Les neuf membres du conseil - huit hommes et une femme - ont été investis lors d'une cérémonie en deux temps: d'abord au palais présidentiel, où ils ont été salués par une fanfare, puis à la Villa d'accueil, siège de la primature haïtienne, en présence de représentants du corps diplomatique et de la société civile.
Les Etats-Unis ont jugé qu'il s'agissait d'une étape "cruciale" pour l'organisation d'élections dans un pays qui n'en a pas connu depuis 2016. L'ONU a elle salué la mise en place de l'organe et appelé les nouvelles autorités à "accélérer la mise en oeuvre complète" de leurs engagements.
Pendant que le conseil prenait ses fonctions, des rafales d'armes automatiques ont été entendues dans le centre-ville de Port-au-Prince, près du palais présidentiel, et à Delmas, en banlieue, rappelant que malgré les prudentes avancées politiques, la population reste prise au piège de la violence.
Il s'agissait d'attaques de gangs et d'affrontements armés, ont indiqué des riverains à l'AFP.
"Madame et Messieurs les membres du conseil de transition, la cérémonie de ce matin vous confère officiellement les rênes du destin de la nation et de son peuple", a lancé devant les nouvelles autorités le Premier ministre par intérim, Michel Patrick Boisvert.

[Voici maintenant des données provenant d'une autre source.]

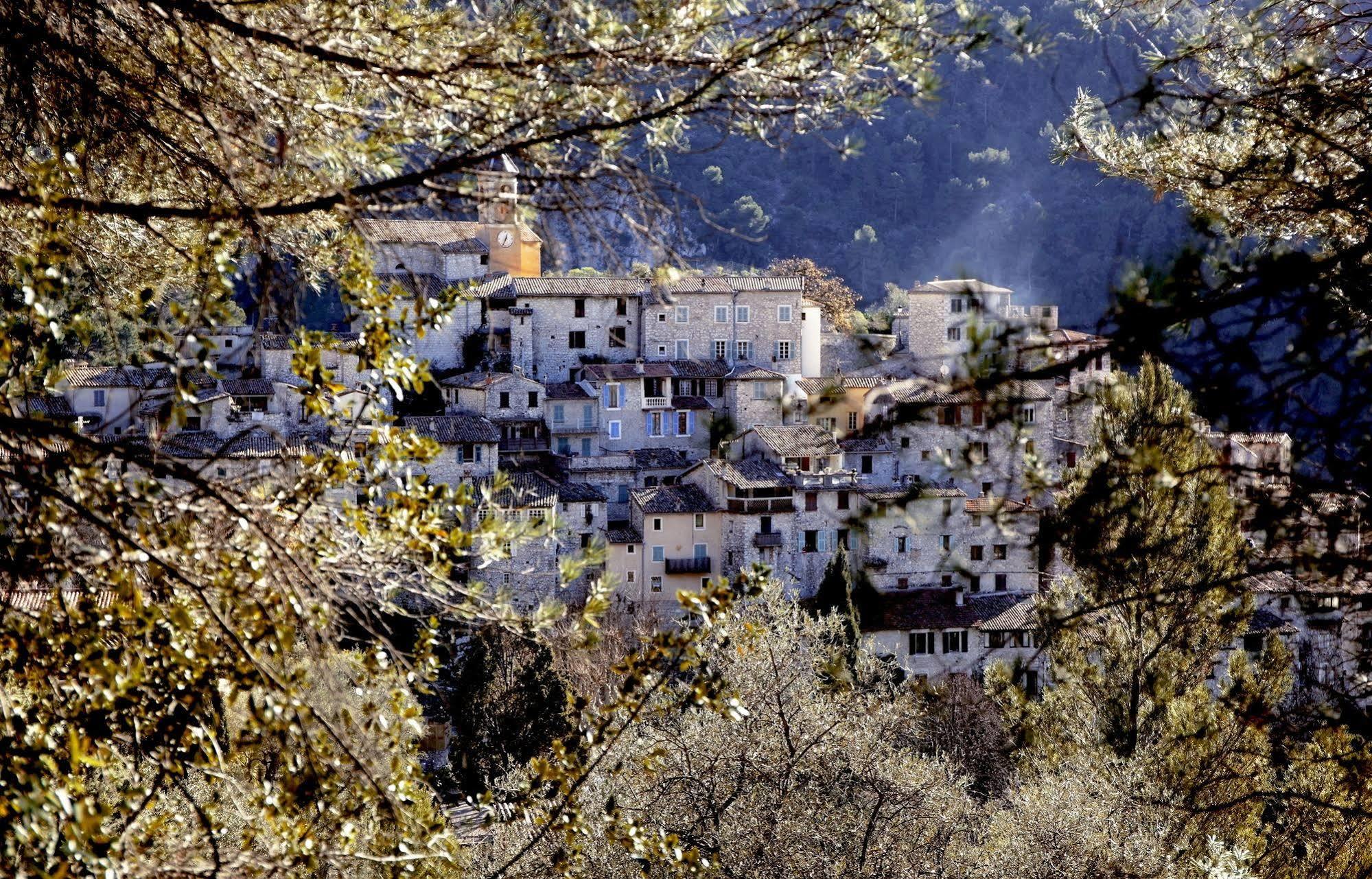 Auberge De La Madone Peillon Bagian luar foto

"C'est un soulagement pour le pays qui pourra ainsi continuer d'espérer et de croire au changement possible", a-t-il ajouté, soulignant "la lourde responsabilité" que l'organe assume désormais.
- "Echec cuisant" -
Première priorité du conseil, le "rétablissement de la sécurité publique", a affirmé l'une de ses membres, Régine Abraham.
Elle a également pointé, d'un ton sévère, "l'échec cuisant" du gouvernement sortant, "qui a totalement abandonné sa responsabilité de protéger sa population contre les violences criminelles".
Parallèlement, le Premier ministre contesté Ariel Henry, qui avait annoncé en mars qu'il démissionnerait une fois les nouvelles autorités installées, a officialisé le départ de son gouvernement dans un courrier daté de mercredi mais rendu public jeudi.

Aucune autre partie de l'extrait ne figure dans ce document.